## What is required
Once the pictures are set aside, transcribe the remaining data exactly.

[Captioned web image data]
----

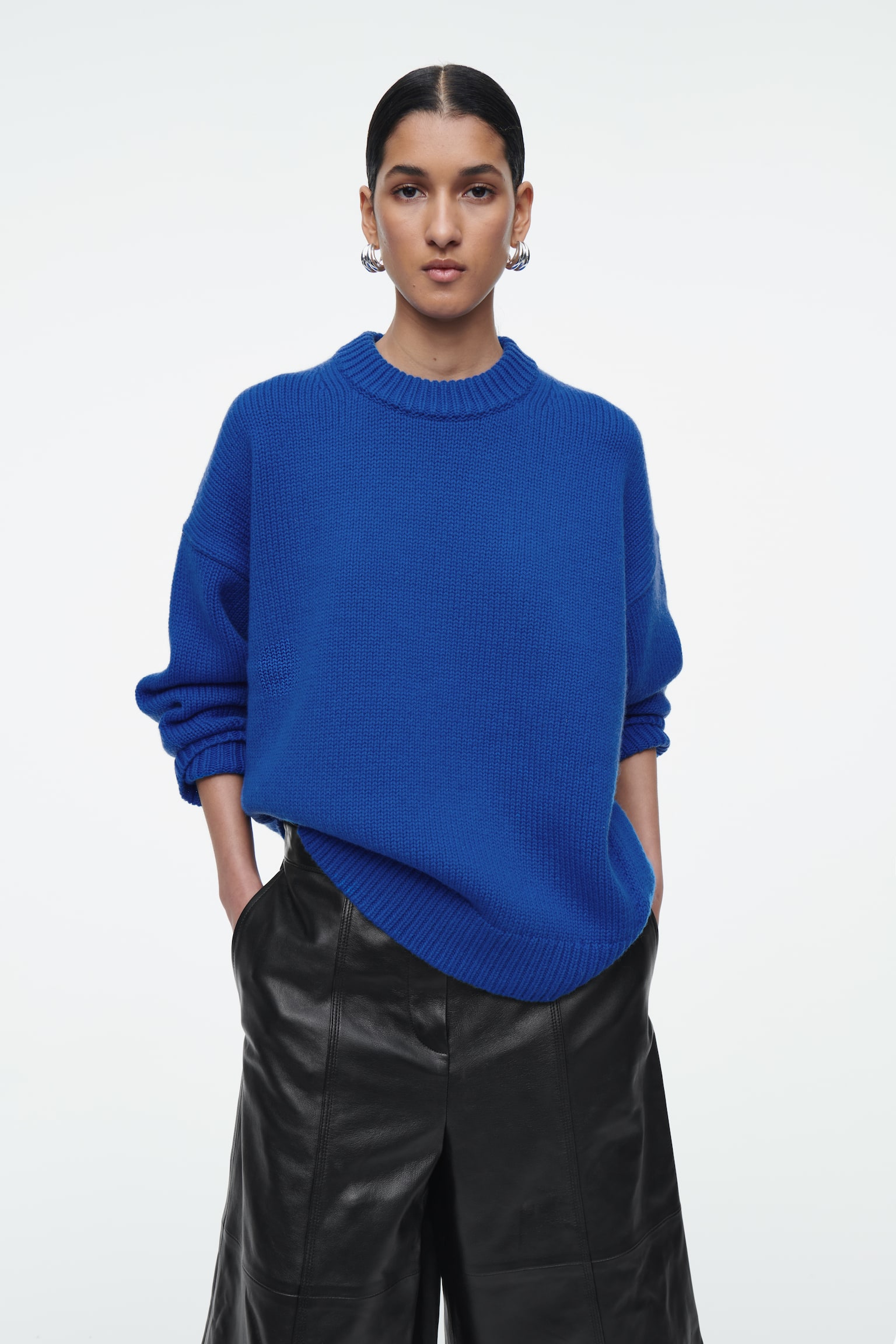 CHUNKY WOOL CREW-NECK JUMPER - COBALT BLUE/LIGHT BEIGE - 1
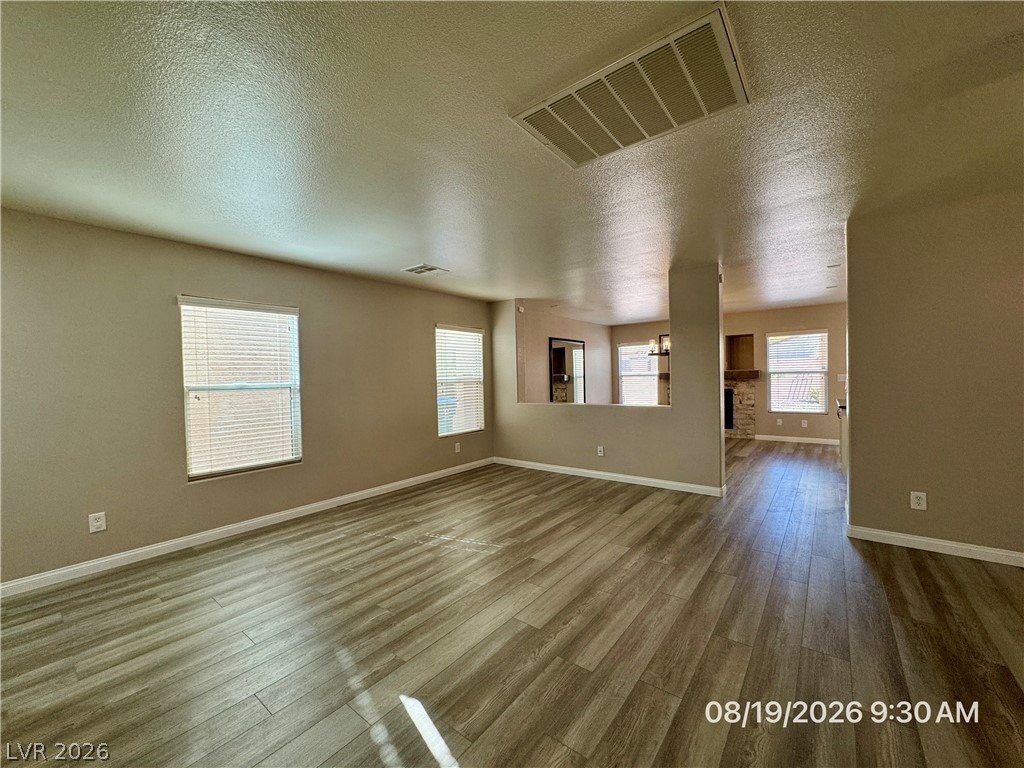 5204 Iron Crossing Avenue Property Photo 4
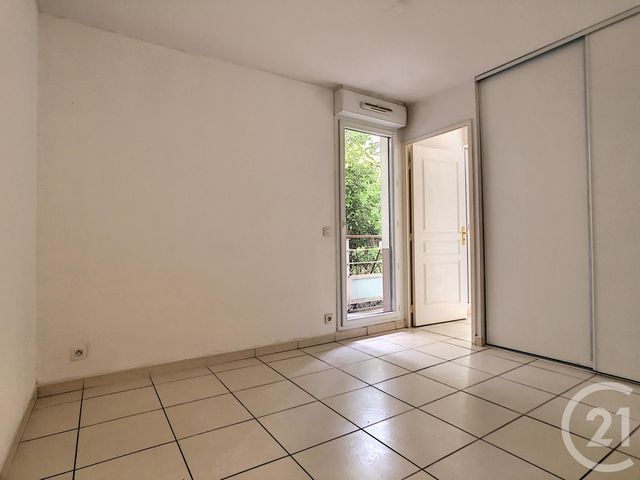 Afficher la photo en grand Appartement F2 à vendre - 2 pièces - 36,67 m2 - MARSEILLE - 13014 - PROVENCE-ALPES-COTE-D-AZUR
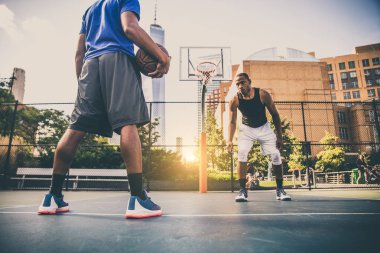 Basketbol oyuncu sahada eğitim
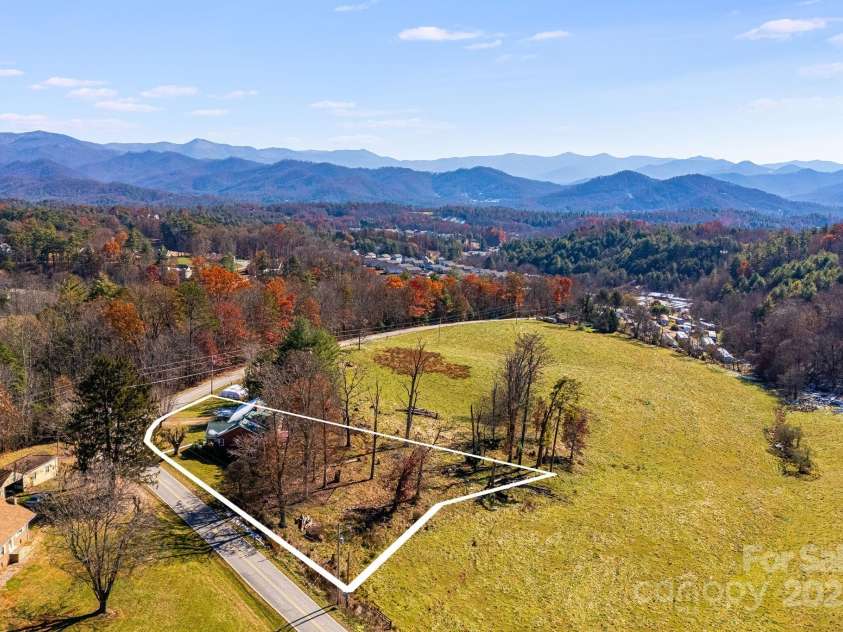 92 Parkway View Road, Mars Hill, NC 28754.  MLS# CAR4320568, YatesRealty ID 10489.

----

## Answer to this problem
 CHUNKY WOOL CREW-NECK JUMPER - COBALT BLUE/LIGHT BEIGE - 1
 5204 Iron Crossing Avenue Property Photo 4
 Afficher la photo en grand Appartement F2 à vendre - 2 pièces - 36,67 m2 - MARSEILLE - 13014 - PROVENCE-ALPES-COTE-D-AZUR
 Basketbol oyuncu sahada eğitim
 92 Parkway View Road, Mars Hill, NC 28754.  MLS# CAR4320568, YatesRealty ID 10489.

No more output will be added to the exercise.